* Work instructions
Write out the following listing's lines from the one with "a woman in black bra top holding up her fist" to the one with "Un espace de", exactly, with both included and no others.

* Provided information
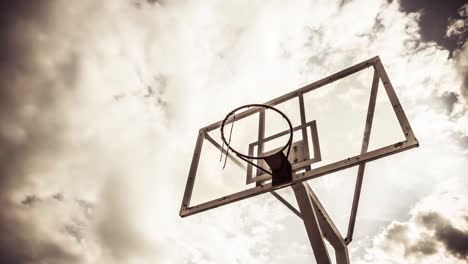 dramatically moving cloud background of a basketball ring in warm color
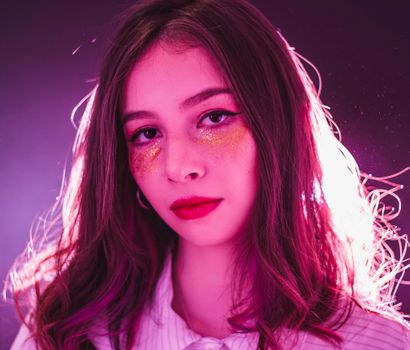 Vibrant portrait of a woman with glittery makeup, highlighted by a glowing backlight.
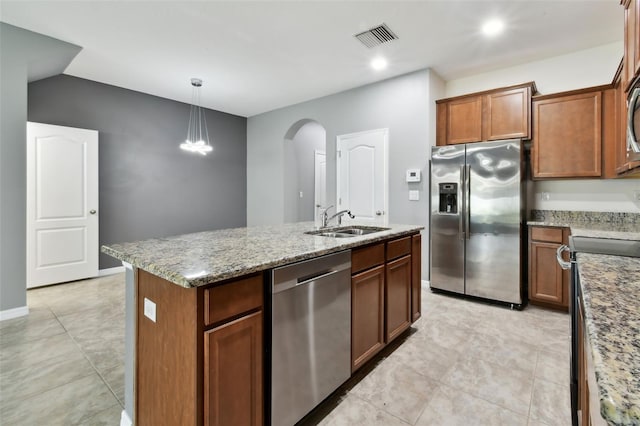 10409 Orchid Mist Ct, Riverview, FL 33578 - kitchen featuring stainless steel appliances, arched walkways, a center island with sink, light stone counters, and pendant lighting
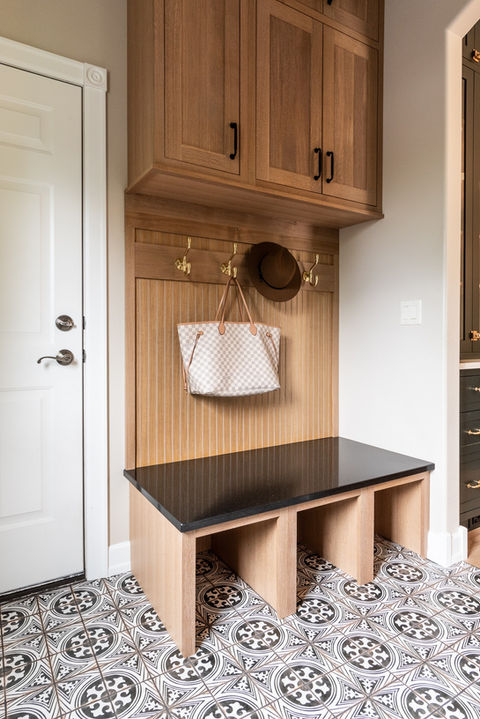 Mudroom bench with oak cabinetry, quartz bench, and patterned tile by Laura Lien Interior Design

* * *

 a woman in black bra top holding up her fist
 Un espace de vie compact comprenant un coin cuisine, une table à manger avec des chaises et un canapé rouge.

* Written answer
 a woman in black bra top holding up her fist
 Un espace de vie compact comprenant un coin cuisine, une table à manger avec des chaises et un canapé rouge.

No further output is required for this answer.